One secret to happiness

"When people tell me they've done their own happiness projects, I always ask, 'What resolutions did you try? What worked for you?'" writes Gretchen Rubin in The Christian Science Monitor. "One answer comes up more than any other. I'm not saying that this is the most significant thing you could do to boost your happiness, but it does seem to be a thing that people actually do – and that boosts their happiness. This most popular resolution? To make your bed. … It's a Secret of Adulthood: for most people, outer order contributes to inner calm. If you love a calm environment, making the bed is one of the quickest, easiest steps to cultivate a sense of order."

Extended teenage years

"Any teenage boy will confirm that older boys make it impossible to get the girls," says the New Scientist. "Young male orangutans with the same problem have a unique and unexpected solution: they don't grow up until they are strong enough to challenge the dominant males. Male orangutans can reproduce from around age 15, but in order to attract a mate they also have to develop secondary sexual characteristics – the equivalent of men growing chest hair. These include conspicuous cheek flanges. Yet Sumatran orangutans often delay acquiring flanges, sometimes for over 10 years. No other primates do this, not even Bornean orangutans."

Foul teenage novels?

"Popular teenage novels contain hundreds of swear words and the most popular characters are the most foul-mouthed, a study has found," reports The Daily Telegraph. "Books from popular series including Harry Potter and Twilight were found to contain language which parents may deem as obscene or vulgar despite some being targeted at children as young as nine. The study of 40 teenage and young adult books found that characters who swore were generally portrayed as rich, attractive and more popular than those who did not. Researchers said their paper raised questions over whether books should be given age ratings similar to those used on films and video games to help parents decide whether the material is appropriate for their child. The team from Brigham Young University found 1,522 instances of profanity across the 40 books, an average of 38 per book, with 88 per cent of all books containing at least one swear word."

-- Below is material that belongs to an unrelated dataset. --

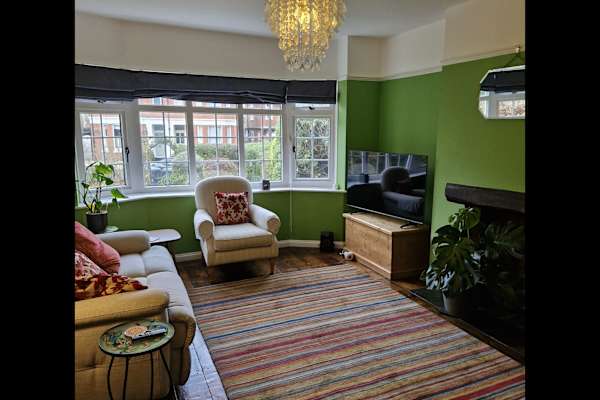 House sit in Kenilworth, United Kingdom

When blah trumps good advice

"When the going gets tough," says The Boston Globe, "the tough offer generic advice. That's the conclusion of a professor at Harvard Business School who studied teams at a Big Four accounting firm and a top consulting firm. She found that performance pressure, while motivating higher performance, also undermined performance by shifting a team's focus toward using general experience and away from using client-specific expertise held by particular members of the team. That more specific expertise is what clients appreciate, though, especially in more critical projects. Teams under pressure appear to fall into this trap because they focus more on consensus, common knowledge, project completion and hierarchy."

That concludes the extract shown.